Recent tariff developments are adding cost pressure and uncertainty across global technology supply chains.

In a recent discussion, IDC’s Simon Ellis, Group Vice President of Manufacturing and Supply Chain, and Phil Solis, Research Director of Connectivity and Smartphone Semiconductors, assess what the latest tariff developments mean for pricing, manufacturing strategy, and long-term investment decisions across the technology ecosystem.

Uncertainty is the immediate business challenge

While the Supreme Court ruled that certain prior tariffs were not legal, new tariffs are now being implemented. As a result, cost exposure remains, and the broader issue for many organizations is unpredictability.

“There just isn’t a lot of clarity around these things. What is true on a Monday is no longer true on a Tuesday. It’s hard to know what the right thing to do is because many of the structural things that companies have to do don’t take minutes or hours or days or even weeks. They can take months or even years.”

Simon Ellis, Group Vice President, IDC

For manufacturers and supply chain leaders, structural decisions such as facility investments, sourcing changes, or regional expansion are made on multi-year horizons.
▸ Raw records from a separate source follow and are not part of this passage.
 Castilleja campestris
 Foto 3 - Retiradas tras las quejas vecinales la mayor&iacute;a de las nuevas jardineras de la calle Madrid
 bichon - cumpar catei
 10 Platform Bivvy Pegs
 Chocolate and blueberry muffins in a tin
When policy direction shifts quickly, organizations must weigh whether to proceed, delay, or absorb incremental risk.

Pricing discipline in a volatile environment

Tariff exposure is layered on top of other cost pressures, including rising memory prices that affect smartphones, PCs, and servers.

“Assuming that these tariffs are in place for some time to come, they will leave their prices higher to account for that. It’s harder to lower prices and then re-raise them. It’s just too chaotic.”
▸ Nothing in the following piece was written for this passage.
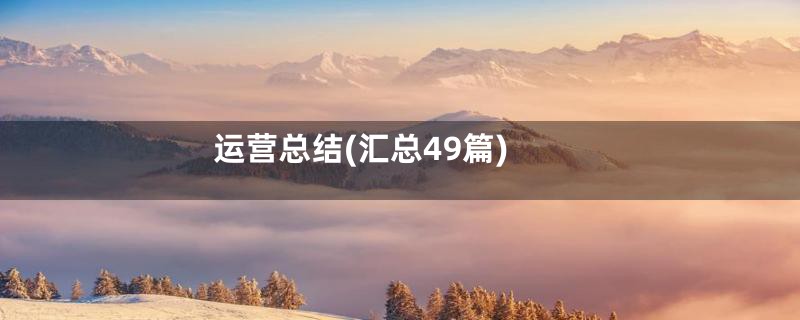 运营总结(汇总49篇)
Phil Solis, Research Director, IDC

Pricing decisions are not made lightly. When structural costs increase, prices typically follow. When costs decline, prices do not always adjust at the same pace. In an environment where additional tariffs may persist, companies are cautious about lowering prices only to reverse course later.

Cross-border complexity and tariff stacking

Modern technology products often cross borders multiple times before reaching the end customer. A semiconductor may be imported, incorporated into a module, integrated into a subsystem, and ultimately assembled into a finished product.

Each stage can introduce additional cost exposure. This stacking effect can compound pricing pressure across the value chain.

For organizations operating complex global supply networks, tracking and tracing components across jurisdictions becomes increasingly important for cost management and compliance.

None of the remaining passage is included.